If the shoe fits, we should repent for our dulled consciences, for the blood that is on our prayerless hands, and for all the abominations we see. Then we should prayerfully seek to take the God-fearing, uncompromising stand whenever we can, all the while “speaking the truth in love” (Ephesians 4:15a). The Lord will show us what he wants us to do as we pray.

We must plead God’s mercy in the judgment that we know is coming. We should ask for a great outpouring of the Holy Spirit that we would be mighty witnesses for the Lord in these perilous times and that many of the lost would be saved. We need to pray for the grace to live for Christ in spite of the wickedness that is threatening to smother us.There is no other way to stand in this evil day but to humbly kneel.
Soon we shall see Him “face to face” (1 Corinthians 13:12).

Let’s pray:

Dear Unbeliever, I plead with you and pray for you to “Seek the Lord while He may be found, call ye upon Him while he is near” (Isaiah 55:6).The hour is very late for you to “prepare to meet thy God” (Amos 4:12). The signs are converging for the return of Christ. Surely, you, too, can feel the heat of the judgment fires beginning to burn around the edges of the Day of the Lord.

You have to be wondering just what is happening. The world seems to be spinning out-of-control just about everywhere one looks these days. The Rapture must be close. For that matter, death could be at your side even sooner than the Tribulation hour.Get into the Ark of the Lord Jesus Christ while there is still time.

There is a Saviour who “as far as the east is from the west, so far hath He removed our sins from us” Psalm 103:12. Time is short. There is a heaven, and there is a hell…..and… PRAISE GOD! There is a Savior who stands with open arms.

“O wretched man that I am! who shall deliver me from the body of this death? I thank God through Jesus Christ our Lord” (Romans 7:24, 25).

“Believe on the Lord Jesus Christ, and thou shalt be saved” (Acts 16:31).
Postscript: I pray that my words will not heap fresh guilt upon repentant and forgiven souls who may see themselves in the issues discussed here. God’s Word tells us, “There is none righteous, no, not one” (Romans 3:1a). We are all guilty sinners deserving of hell.

“For all have sinned, and come short of the glory of God” (Romans3:23).

The good news is that Jesus paid the price for the sins of the entire world when He shed His own blood on the cross of Calvary.

“For God so loved the world, that He gave His only begotten Son, that whosoever believeth in Him, should not perish but have everlasting life” (John 3:16).

Not only does God remove our sins from us, but He chooses to forget them, too.

For I will be merciful to their unrighteousness, and their sins and their iniquities will I remember no more” (Hebrews 8:12).
It would be a good thing for Christians to pray for the “Accountant of Auschwitz,” the people at Planned Parenthood, and others; that God would open their eyes to see their need of the Savior before it’s too late.
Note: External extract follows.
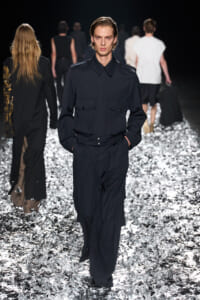 Male model wearing a navy utility jumpsuit with large front pockets, walking a glittering runway surface.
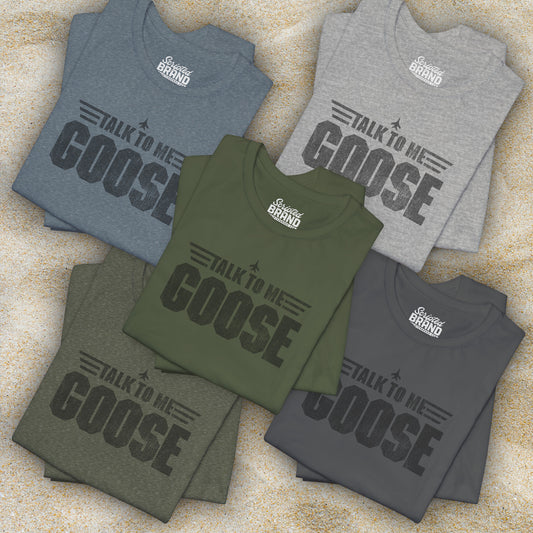 Group of 5 folded soft unisex Bella+Canvas 3001 short-sleeve t-shirts featuring a graphic designed by ScriptedBrand in a vintage distressed style with the text TALK TO ME GOOSE, inspired by the Movie Top Gun.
Remember that “such were some of” us (1 Corinthians 6:11). Are we not grateful for God’s mercy and grace in our lives?

“There, but for the grace of God, goes John Bradford.” These words were uttered by the English pastor, John Bradford, as he saw a group of criminals being led to their execution in 1510, and hence the saying, “There, but for the grace of God, go I.”

He did not know that in God’s grace, he would later go to the fiery stake for his witness for Christ and for naming England’s sin of turning away from God.